C’est vraiment remarquable. Malgré le contexte, à savoir le cycle de resserrement le plus rapide que l’on ait vu, les risques d’autres faillites bancaires et, par conséquent, le resserrement des conditions de crédit, l’allure de la courbe des taux qui n’a jamais été aussi plate ni inversée depuis les années 1970, ainsi que tous les autres signaux annonciateurs de récession, l’économie se comporte de façon extraordinaire, comme en témoigne le taux de chômage qui se situe à des creux inégalés, non seulement aux États-Unis, mais aussi dans la zone euro. Au Royaume-Uni, l’économie est demeurée étonnamment résiliente. La situation reflète vraiment l’ampleur de la demande accumulée et à quel point les marchés de l’emploi étaient serrés.

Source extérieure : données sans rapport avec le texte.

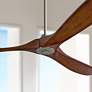 1_70" Visual Comfort Maverick Max Brushed Steel Koa Damp Fan with Remote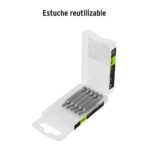 Estuche con 5 puntas torx T20 largo 2'' Truper Expert - Imagen 2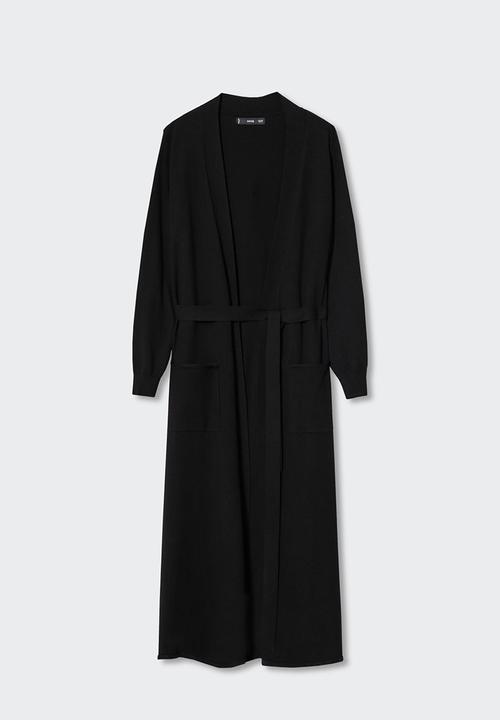 MANGO - Cardigan vieira - black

Nul doute que la poussée d’inflation que nous avons observée l’année dernière est attribuable aux fondamentaux. Il n’est pas seulement question ici de chaînes d’approvisionnement et de cycle des stocks, n’est-ce pas? La vigueur du marché de l’emploi à ce jour vient confirmer dans quelle mesure elle a contribué à l’inflation en 2022. Nous voyons aussi à quel point l’inflation se résorbe lentement en raison de la vigueur des marchés de l’emploi encore aujourd’hui. En effet, je crois que l’économie se porte nettement mieux que nous l’aurions cru il y a un an.

Jodi Phillips:

Que pensez-vous des risques de récession aux États-Unis? D’ailleurs Kristina, j’ai lu dans l’un de vos récents articles que vous en parliez comme étant une obsession à l’égard de la récession. Lorsque vous disiez que vous cherchiez une expression, je me suis rappelée de votre analogie avec les zombies, dont vous vous êtes servie pour illustrer les contrecoups de la politique de la banque centrale et du resserrement de la Fed sur l’économie, les appréhensions de ces gens qui attendaient de voir ce qui allait se passer et les spéculations entourant le risque de récession. Qu’en pensez-vous et à quoi vous attendez-vous?

Kristina Hooper:

Nul doute que la conjoncture économique est franchement inhabituelle, car le marché de l’emploi est serré. Cette situation est à la fois une bénédiction et une calamité, car elle a sans aucun doute engendré un contexte où l’inflation est élevée, comme Alessio l’a souligné, à juste titre. Il s’agit d’un important facteur, mais c’est aussi la raison pour laquelle l’économie demeure si résiliente. Ça me fait penser au chef de la direction de United Airlines qui soulignait la semaine dernière à quel point la demande de la clientèle touristique est extrêmement forte. La demande de la clientèle d’affaires n’a pas encore totalement repris. Nous sommes probablement dans une légère récession ou dans une période de croissance modérée de l’économie. Aux États-Unis, je crois que la récession touche les entreprises, mais que les consommateurs s’en tirent bien, comme en témoigne la vigueur de la consommation.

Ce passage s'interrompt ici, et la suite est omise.